Lets perform a grid search optimization for the model over the entire training set (X_train and y_train)
Tuned for Logistic Regressioin : solvers (['newton-cg', 'lbfgs', 'liblinear', 'sag']) found 'sag' tuned parameter. tuned 'C': [0.1, 1.0, 1.5] found 1.5 tuned paramter. n-estimators : range(20,81,10) tuned to 10.
In [32]:
from sklearn.model_selection import GridSearchCV
from sklearn.metrics import make_scorer
# Initialize the classifier
clf = LogisticRegression(random_state=10)
tune_clf = BalancedBaggingClassifier(base_estimator=clf, random_state=10)
# Create the parameters list to tune
parameters = {'base_estimator__fit_intercept': [True],\
'base_estimator__C': [1.5],\
'base_estimator__penalty':['l1'],\
'n_estimators':[10]}
# Make an fbeta_score scoring object
scorer = make_scorer(fbeta_score, beta=0.5)
# Perform grid search on the classifier using 'scorer' as the scoring method
grid_obj = GridSearchCV(tune_clf, parameters, verbose=True, cv=10, scoring=scorer)
# Fit the grid search object to the training data and find the optimal parameters
grid_fit = grid_obj.fit(X_train, y_train)
# Get the estimator
best_clf = grid_fit.best_estimator_
# Build model with EasyEnsemble
#best_clf= BalancedBaggingClassifier(base_estimator=best_model, n_estimators=10, random_state=10)
# Make predictions using the unoptimized and model
predictions = (tune_clf.fit(X_train, y_train)).predict(X_test)
best_predictions = best_clf.predict(X_test)
In [33]:
y_best_score = best_clf.predict_proba(X_test)[:,1]
tmp = pd.Series({'model': 'GridSearchTunedLR',\
'roc_auc_score' : metrics.roc_auc_score(y_test, y_best_score),\
'matthews_corrcoef': metrics.matthews_corrcoef(y_test, best_predictions),\
'precision_score': metrics.precision_score(y_test, best_predictions),\
'recall_score': metrics.recall_score(y_test, best_predictions),\
'f1_score': metrics.f1_score(y_test, best_predictions),\
'accuracy': accuracy_score(y_test, best_predictions),\
'fscore' : fbeta_score(y_test, best_predictions, beta = 0.5, pos_label=1)})
models_report = models_report.append(tmp, ignore_index = True)
# Report the before-and-afterscores
print "Unoptimized model\n------"
print "Accuracy score on testing data: {:.4f}".format(accuracy_score(y_test, predictions))

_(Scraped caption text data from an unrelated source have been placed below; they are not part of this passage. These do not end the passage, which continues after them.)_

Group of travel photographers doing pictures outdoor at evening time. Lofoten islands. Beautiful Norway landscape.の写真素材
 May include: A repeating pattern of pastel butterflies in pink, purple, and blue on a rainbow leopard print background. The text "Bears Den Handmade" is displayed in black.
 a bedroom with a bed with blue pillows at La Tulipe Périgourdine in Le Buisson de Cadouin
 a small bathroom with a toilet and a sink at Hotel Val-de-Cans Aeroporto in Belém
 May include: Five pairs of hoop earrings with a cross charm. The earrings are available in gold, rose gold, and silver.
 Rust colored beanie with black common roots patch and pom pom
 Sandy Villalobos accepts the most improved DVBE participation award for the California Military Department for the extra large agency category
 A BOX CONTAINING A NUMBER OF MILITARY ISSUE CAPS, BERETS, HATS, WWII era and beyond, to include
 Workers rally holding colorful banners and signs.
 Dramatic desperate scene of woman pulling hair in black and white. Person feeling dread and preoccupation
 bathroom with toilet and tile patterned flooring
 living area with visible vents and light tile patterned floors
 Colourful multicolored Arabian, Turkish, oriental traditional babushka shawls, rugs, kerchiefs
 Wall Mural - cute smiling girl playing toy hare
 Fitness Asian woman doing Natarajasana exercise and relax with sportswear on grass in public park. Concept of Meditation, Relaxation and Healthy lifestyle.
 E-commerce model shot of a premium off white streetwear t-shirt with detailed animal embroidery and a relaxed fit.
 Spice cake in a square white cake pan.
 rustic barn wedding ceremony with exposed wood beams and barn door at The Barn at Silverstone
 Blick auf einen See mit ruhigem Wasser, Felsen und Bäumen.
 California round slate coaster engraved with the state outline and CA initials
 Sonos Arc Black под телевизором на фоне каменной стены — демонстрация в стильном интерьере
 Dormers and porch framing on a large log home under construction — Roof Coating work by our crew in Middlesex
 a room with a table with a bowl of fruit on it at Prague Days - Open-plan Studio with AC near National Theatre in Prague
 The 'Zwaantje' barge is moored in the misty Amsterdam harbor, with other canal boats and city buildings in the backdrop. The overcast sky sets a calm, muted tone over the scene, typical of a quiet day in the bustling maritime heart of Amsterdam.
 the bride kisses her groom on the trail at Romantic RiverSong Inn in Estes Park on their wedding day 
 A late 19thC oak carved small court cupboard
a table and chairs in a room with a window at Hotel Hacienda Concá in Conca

print "F-score on testing data: {:.4f}".format(fbeta_score(y_test, predictions, beta = 0.5))
print "\nOptimized Model\n------"
print "Final accuracy score on the testing data: {:.4f}".format(accuracy_score(y_test, best_predictions))
print "Final F-score on the testing data: {:.4f}".format(fbeta_score(y_test, best_predictions, beta = 0.5))
# show best parameters
print "\nBest Classifier\n------"
print best_clf
models_report
Out[33]:
An important task when performing supervised learning on a dataset is determining which features provide the most predictive power. By focusing on the relationship between only a few crucial features and the target label we simplify our understanding of the phenomenon, which is most always a useful thing to do. In the case of this project, that means we wish to identify a small number of features that most strongly predict whether an individual fully pay loan.
In [34]:
# Import supplementary visualization code visuals.py
import visuals as vs
import matplotlib.pyplot as pl
# Pretty display for notebooks
%matplotlib inline
from sklearn.ensemble import RandomForestClassifier
# Train the supervised model on the training set
model = RandomForestClassifier(random_state=10)
model.fit(X_train, y_train)
# Extract the feature importances
importances = model.feature_importances_
# Plot
vs.feature_plot( importances, X_train, y_train)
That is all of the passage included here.